With its upcoming 2016 Mirai sedan, Toyota is betting big on hydrogen fuel-cell technology—and a scenario that will include the hydrogen infrastructure that makes vehicles like it a convenient, viable option for those who want to drive free of tailpipe emissions.
Yet the costs are tremendous. In addition to the massive hit Toyota will take on the car itself (priced at $57,500, which is a fraction of it’s estimated to cost the automaker), there’s the daunting question of who might pitch in to help establish a hydrogen infrastructure.
So it’s not all that surprising that Toyota is looking to spur investment from other companies in the technology. The automaker announced today at the Consumer Electronics Show (CES) in Las Vegas, that it’s inviting the royalty-free use (contingent on a negotiated contract) of about 5,680 patents related to fuel-cell vehicles—including those pertaining to the 2016 Toyota Mirai.
That includes nearly 2,000 patents related to fuel-cell stacks—the core of a fuel-cell vehicle, where hydrogen is used to generate electricity that powers the wheels—as well as 290 patents on high-pressure hydrogen storage, 70 on hydrogen production and supply, and a whopping 3,350 on fuel-cell system software control.
Following Tesla, and a Silicon Valley approach?
The announcement bears some likeness to what the electric-car maker Tesla Motors did last year, in opening up its patents regarding its ‘Supercharger’ standard for fast-charging. That proposal is also contingent upon ‘good faith’ agreements with other companies.

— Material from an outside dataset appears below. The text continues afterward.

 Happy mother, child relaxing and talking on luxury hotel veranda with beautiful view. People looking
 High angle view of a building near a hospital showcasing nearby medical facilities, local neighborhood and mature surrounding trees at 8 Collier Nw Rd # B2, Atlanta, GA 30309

Toyota says that it will make those fuel-cell patents available to automakers who plan to produce and sell fuel-cell vehicles—and to fuel-cell parts suppliers and energy companies.
In return, Toyota asks that those companies using its patents share their fuel-cell-related patents with Toyota under the same sort of arrangement.
“The first generation hydrogen fuel cell vehicles, launched between 2015 and 2020, will be critical, requiring a concerted effort and unconventional collaboration between automakers, government regulators, academia and energy providers,” said Toyota Motor Sales senior VP of automotive operations Bob Carter. “By eliminating traditional corporate boundaries, we can speed the development of new technologies and move into the future of mobility more quickly, effectively and economically.”
A different tack than with hybrid systems
Overall, it’s quite the turnaround for Toyota, if you compare it to the company’s coveted Hybrid Synergy Drive systems. Toyota has, since the development of the first Prius in the 1990s, been guarded with its hybrid drivetrain components and power software.
Will more fuel-cell-powered products give the infrastructure the kickstart it needs? Toyota has pitched in with loans and assistance for several initiatives, but at the moment in California there are only nine public stations and 13 research stations. At an estimated $2 million per fueling site, among other infrastructure hurdles, steps like this look critical to get more companies to ante up.